[Records to use — start]

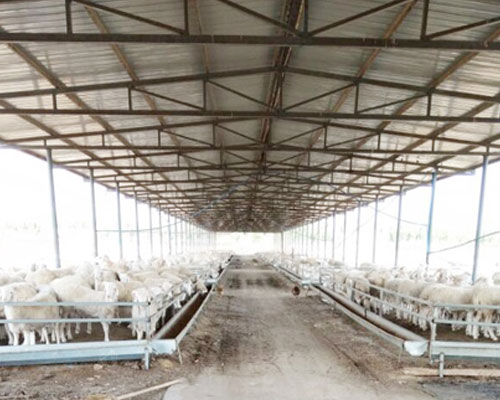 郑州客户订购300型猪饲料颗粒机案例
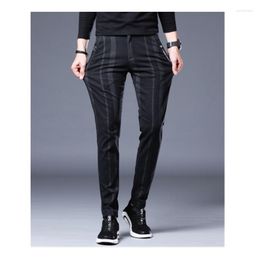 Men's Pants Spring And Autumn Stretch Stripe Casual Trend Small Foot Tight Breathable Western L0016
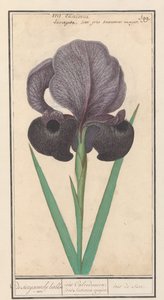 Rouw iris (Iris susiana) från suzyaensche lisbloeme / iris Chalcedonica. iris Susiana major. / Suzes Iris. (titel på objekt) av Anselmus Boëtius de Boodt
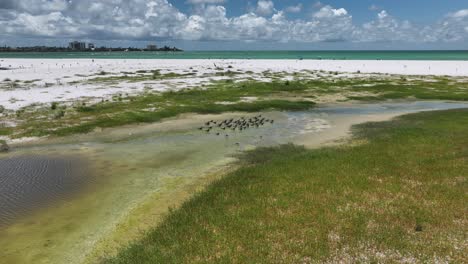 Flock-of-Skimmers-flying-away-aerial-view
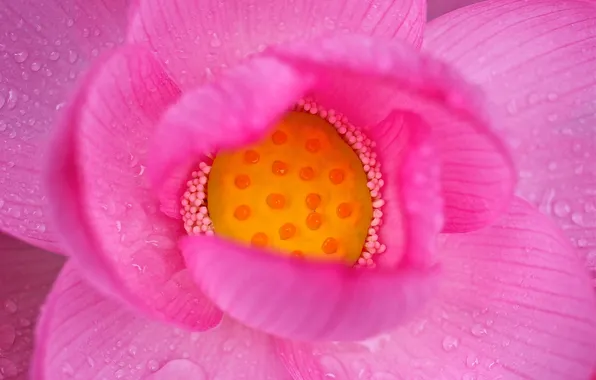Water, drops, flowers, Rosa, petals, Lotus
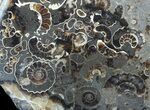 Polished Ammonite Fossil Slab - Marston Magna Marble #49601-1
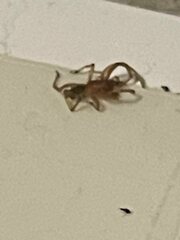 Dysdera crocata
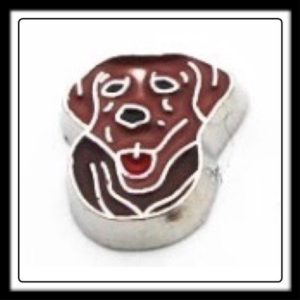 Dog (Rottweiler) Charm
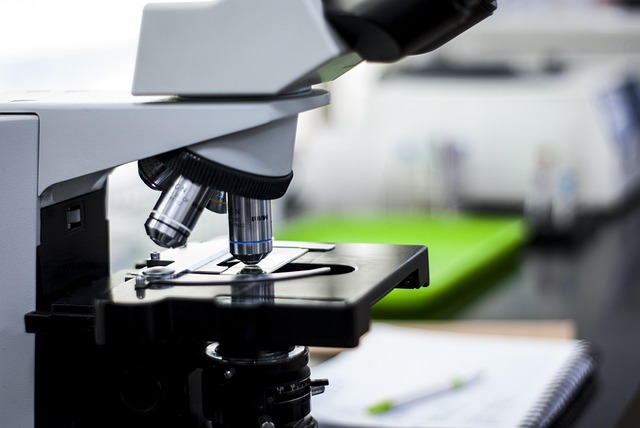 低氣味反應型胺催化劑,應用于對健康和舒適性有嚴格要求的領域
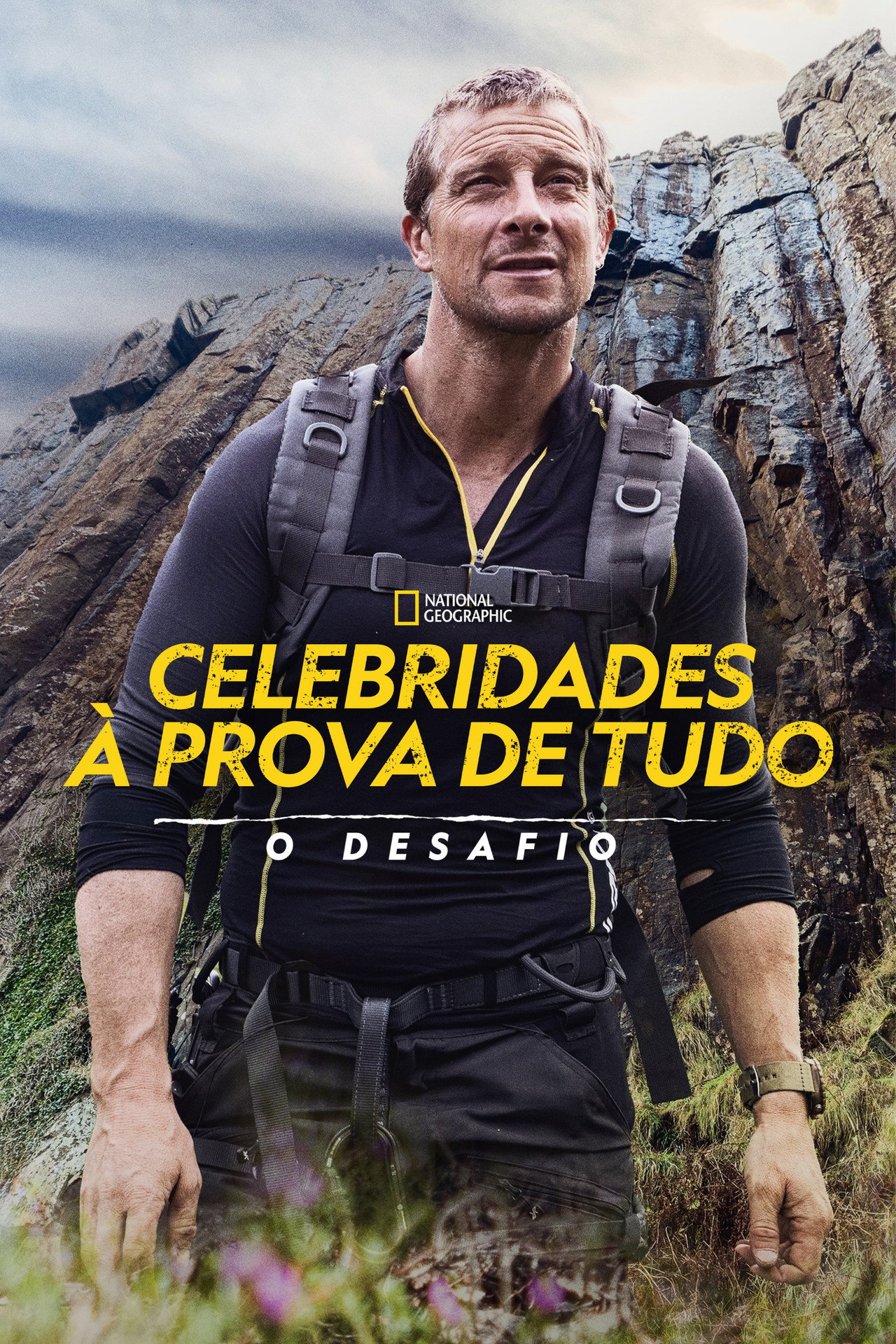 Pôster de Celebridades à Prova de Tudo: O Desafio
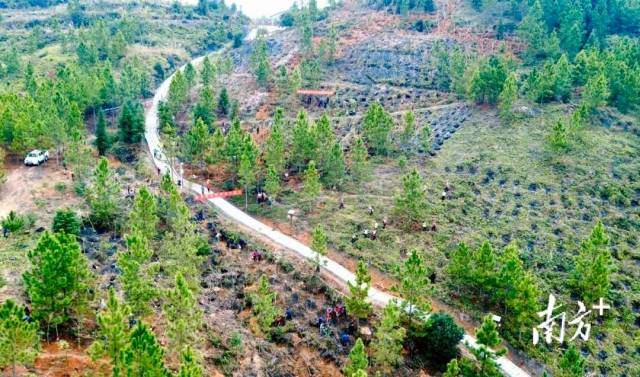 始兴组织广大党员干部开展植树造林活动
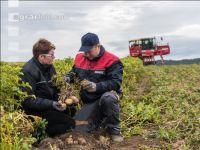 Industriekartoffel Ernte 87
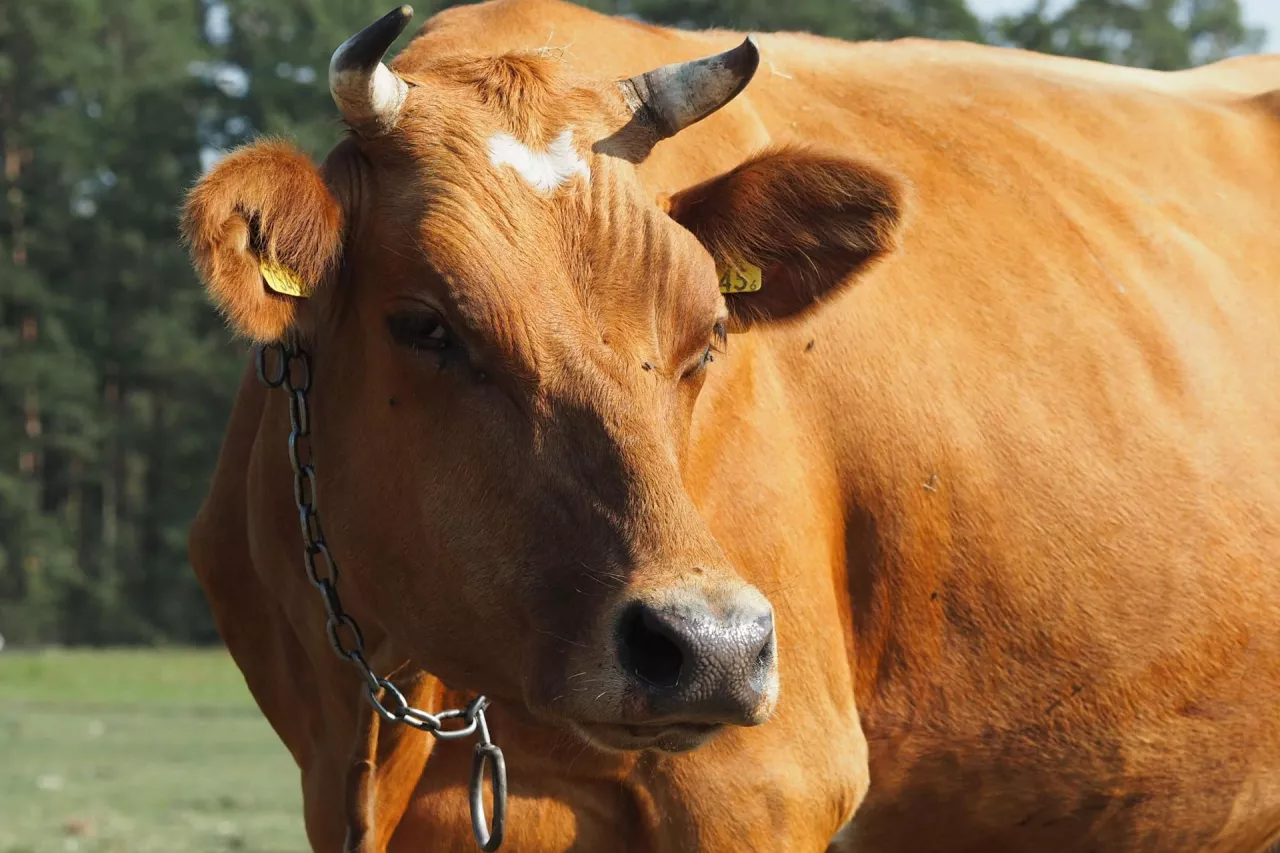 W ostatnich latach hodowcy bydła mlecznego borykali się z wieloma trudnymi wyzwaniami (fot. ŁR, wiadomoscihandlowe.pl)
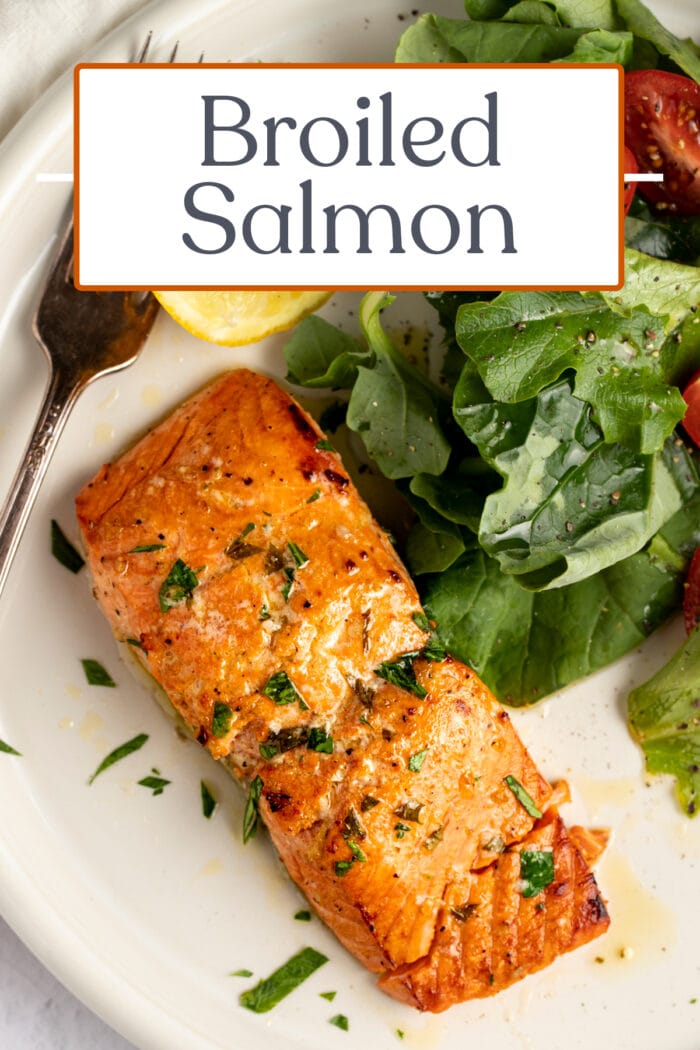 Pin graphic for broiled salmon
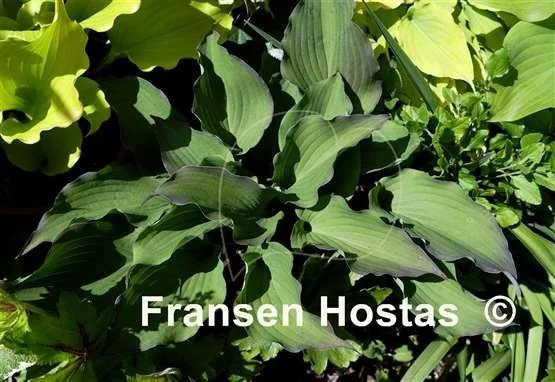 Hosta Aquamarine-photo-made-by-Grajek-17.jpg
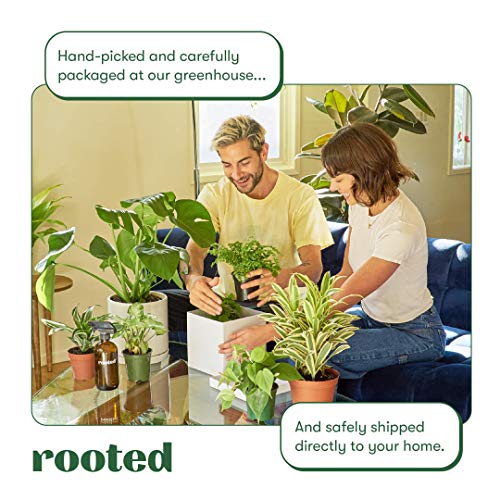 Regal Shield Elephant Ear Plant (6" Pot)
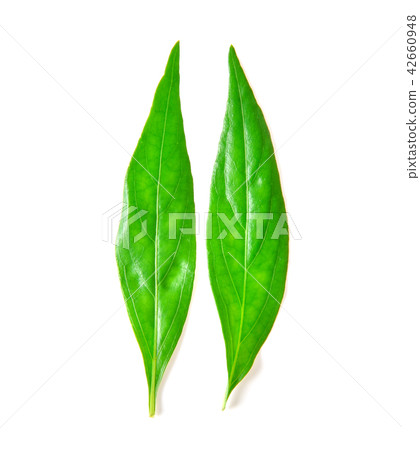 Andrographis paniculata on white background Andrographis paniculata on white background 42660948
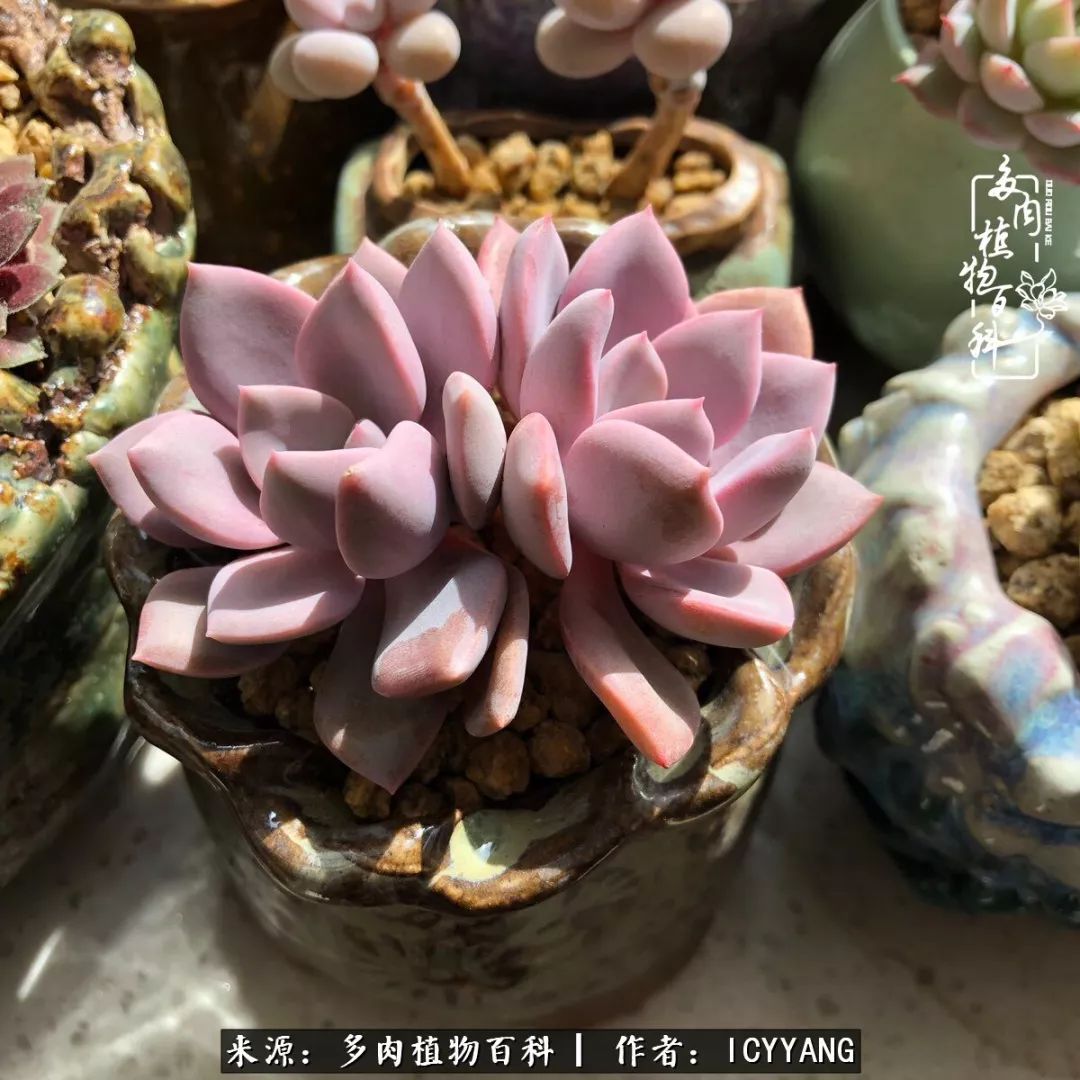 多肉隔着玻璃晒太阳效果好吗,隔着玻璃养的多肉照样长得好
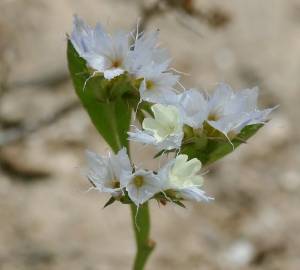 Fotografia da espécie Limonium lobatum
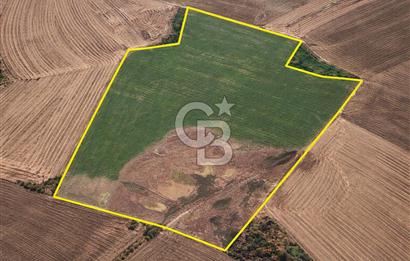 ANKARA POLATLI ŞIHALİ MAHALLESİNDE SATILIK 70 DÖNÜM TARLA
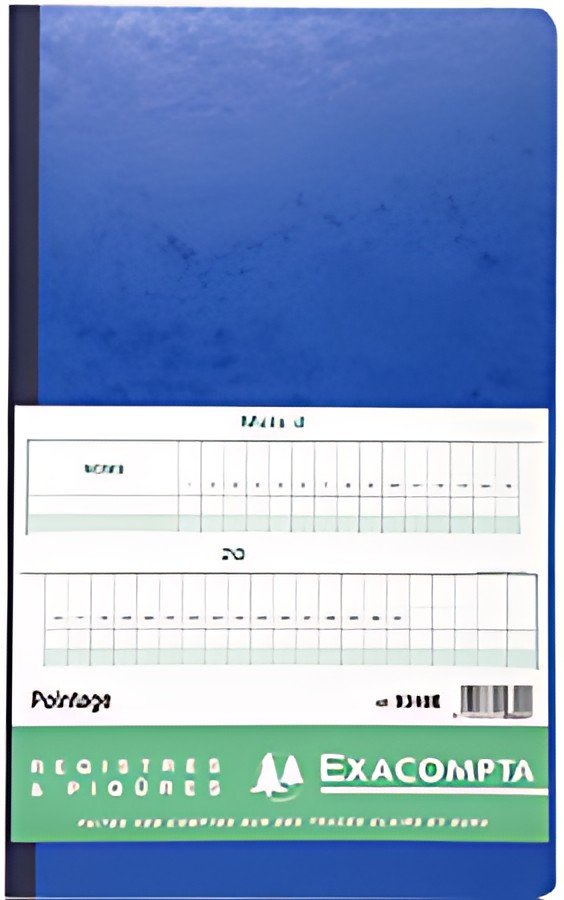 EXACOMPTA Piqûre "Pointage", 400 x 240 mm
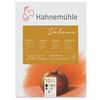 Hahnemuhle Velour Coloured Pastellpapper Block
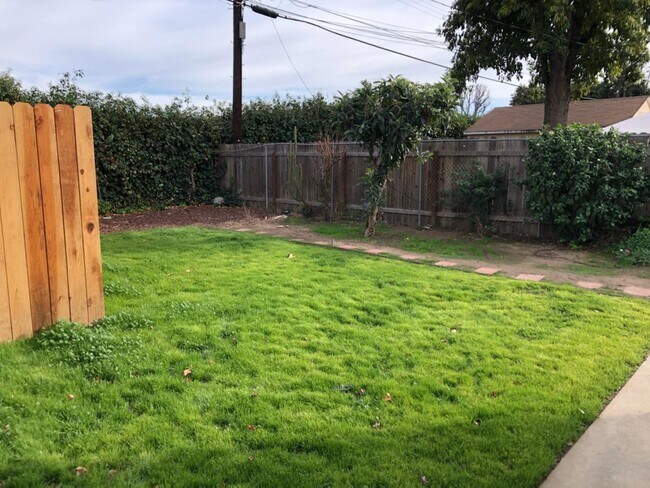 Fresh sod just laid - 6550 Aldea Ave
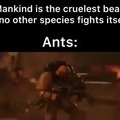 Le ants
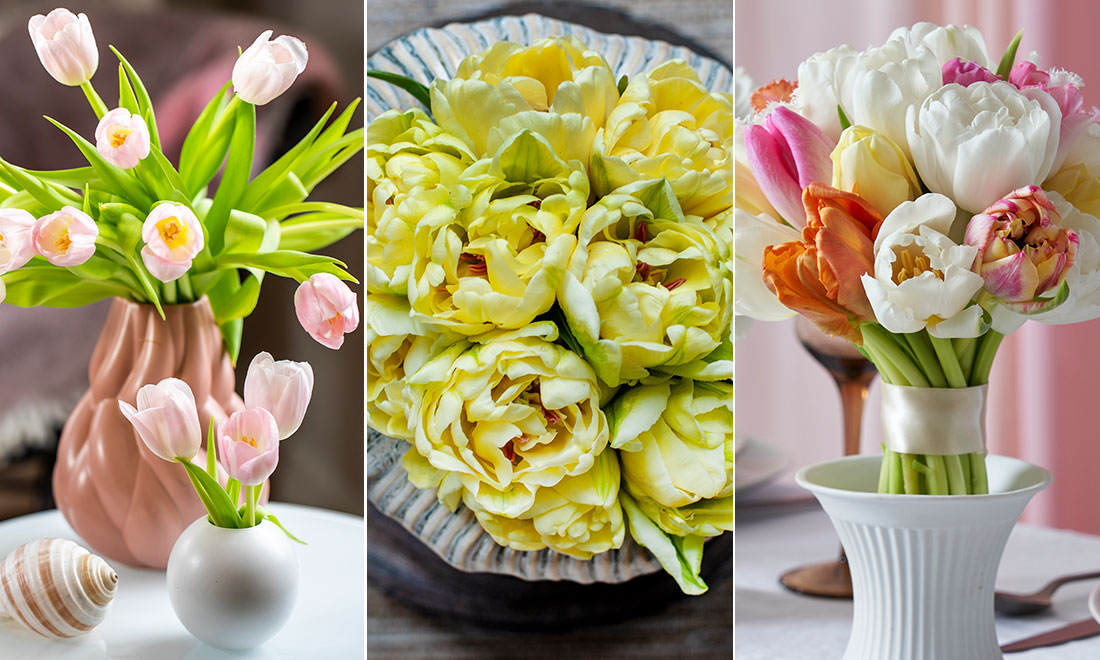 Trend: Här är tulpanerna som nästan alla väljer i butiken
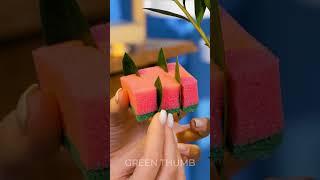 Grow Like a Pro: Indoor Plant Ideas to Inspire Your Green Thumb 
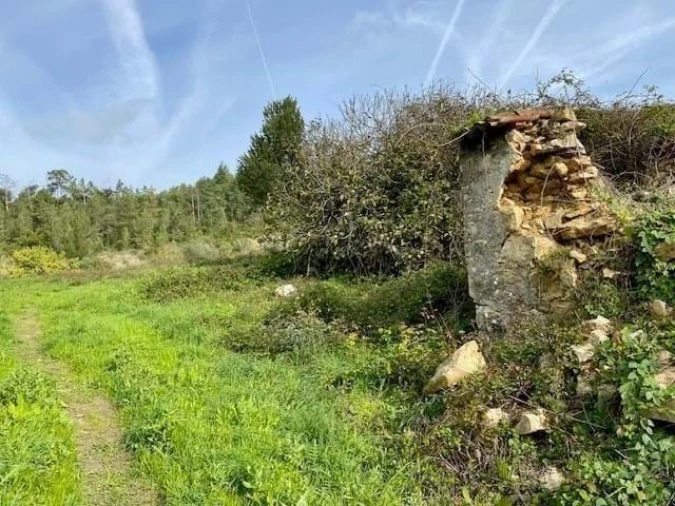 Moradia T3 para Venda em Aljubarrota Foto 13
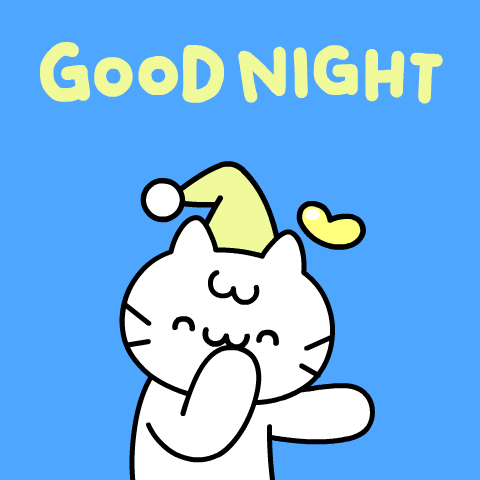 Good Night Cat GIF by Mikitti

[Records to use — finish]

Repeat the records above exactly, from the first line through the line containing "Fotografia da espécie Limonium lobatum", and leave out the pictures.

◆ **Solution to this task**
 郑州客户订购300型猪饲料颗粒机案例
 Men's Pants Spring And Autumn Stretch Stripe Casual Trend Small Foot Tight Breathable Western L0016
 Rouw iris (Iris susiana) från suzyaensche lisbloeme / iris Chalcedonica. iris Susiana major. / Suzes Iris. (titel på objekt) av Anselmus Boëtius de Boodt
 Flock-of-Skimmers-flying-away-aerial-view
Water, drops, flowers, Rosa, petals, Lotus
 Polished Ammonite Fossil Slab - Marston Magna Marble #49601-1
 Dysdera crocata
 Dog (Rottweiler) Charm
 低氣味反應型胺催化劑,應用于對健康和舒適性有嚴格要求的領域
 Pôster de Celebridades à Prova de Tudo: O Desafio
 始兴组织广大党员干部开展植树造林活动
 Industriekartoffel Ernte 87
 W ostatnich latach hodowcy bydła mlecznego borykali się z wieloma trudnymi wyzwaniami (fot. ŁR, wiadomoscihandlowe.pl)
 Pin graphic for broiled salmon
 Hosta Aquamarine-photo-made-by-Grajek-17.jpg
 Regal Shield Elephant Ear Plant (6" Pot)
 Andrographis paniculata on white background Andrographis paniculata on white background 42660948
 多肉隔着玻璃晒太阳效果好吗,隔着玻璃养的多肉照样长得好
 Fotografia da espécie Limonium lobatum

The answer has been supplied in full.